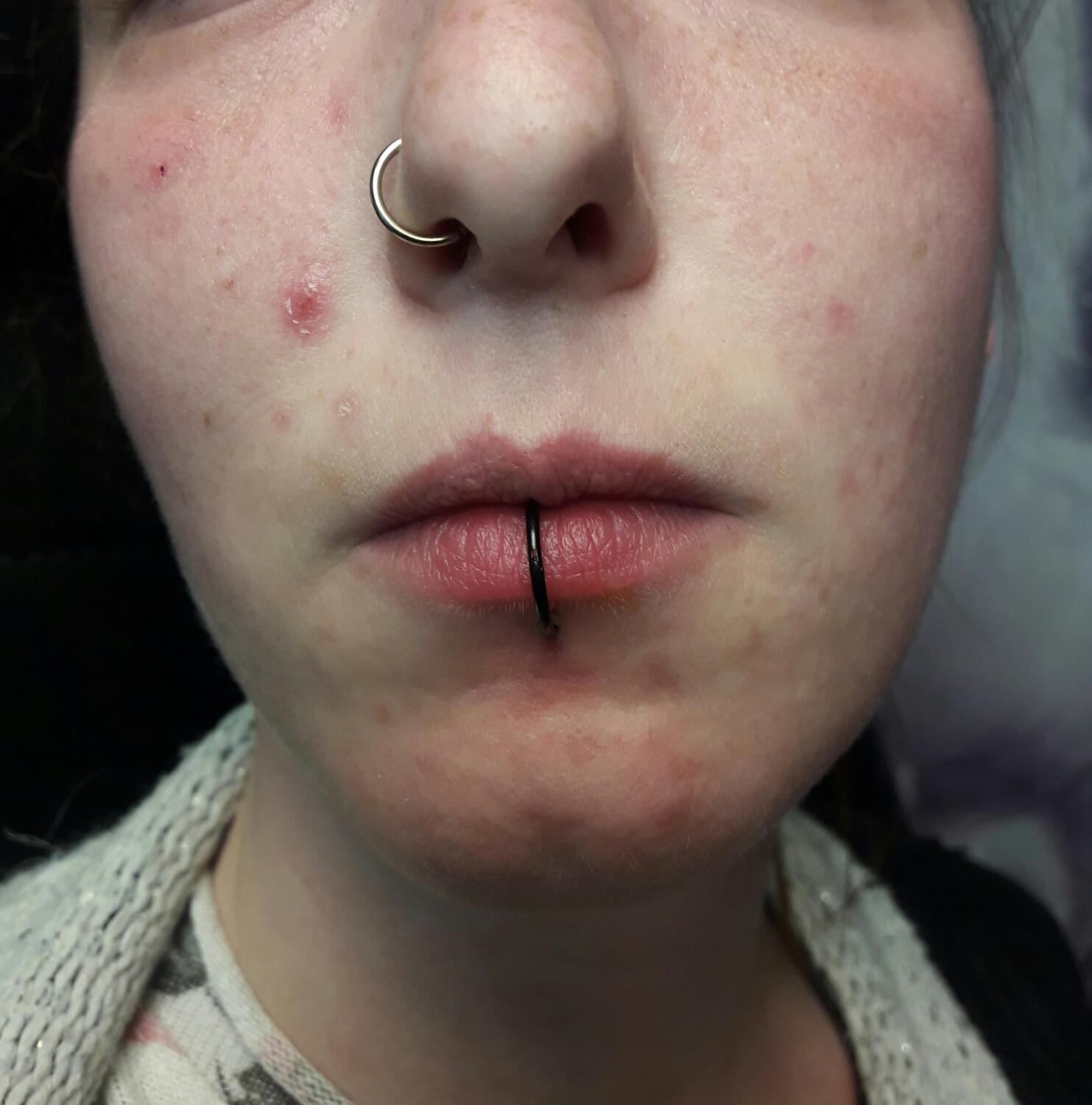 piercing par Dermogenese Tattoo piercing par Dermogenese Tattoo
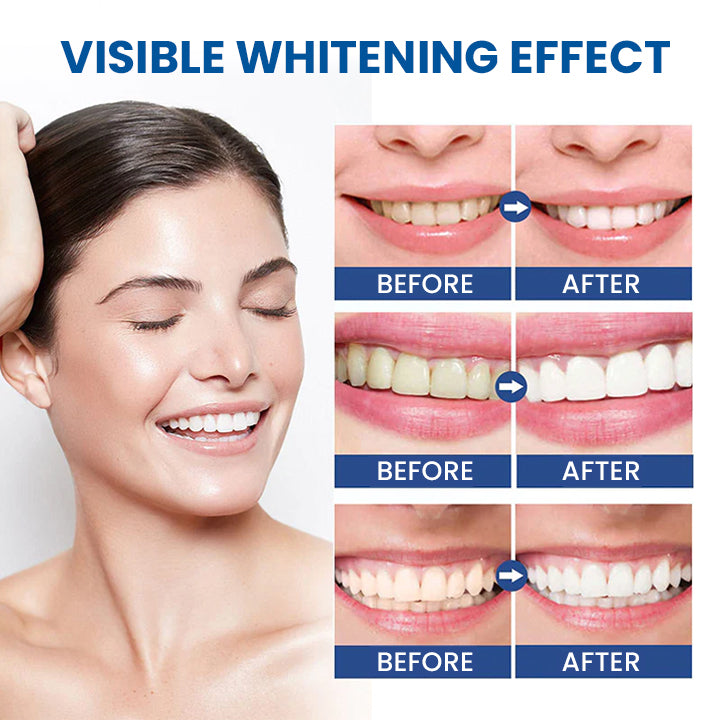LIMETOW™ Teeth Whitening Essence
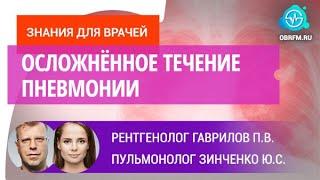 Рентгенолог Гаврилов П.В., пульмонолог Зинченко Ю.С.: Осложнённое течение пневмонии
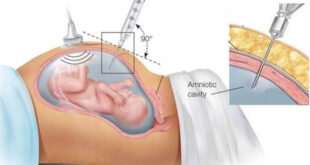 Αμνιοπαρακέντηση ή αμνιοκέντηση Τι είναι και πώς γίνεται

** INSTRUCTIONS TO FOLLOW **
Print all data above verbatim, except pictures.

** THE COMPLETED TASK **
 piercing par Dermogenese Tattoo piercing par Dermogenese Tattoo
LIMETOW™ Teeth Whitening Essence
 Рентгенолог Гаврилов П.В., пульмонолог Зинченко Ю.С.: Осложнённое течение пневмонии
 Αμνιοπαρακέντηση ή αμνιοκέντηση Τι είναι και πώς γίνεται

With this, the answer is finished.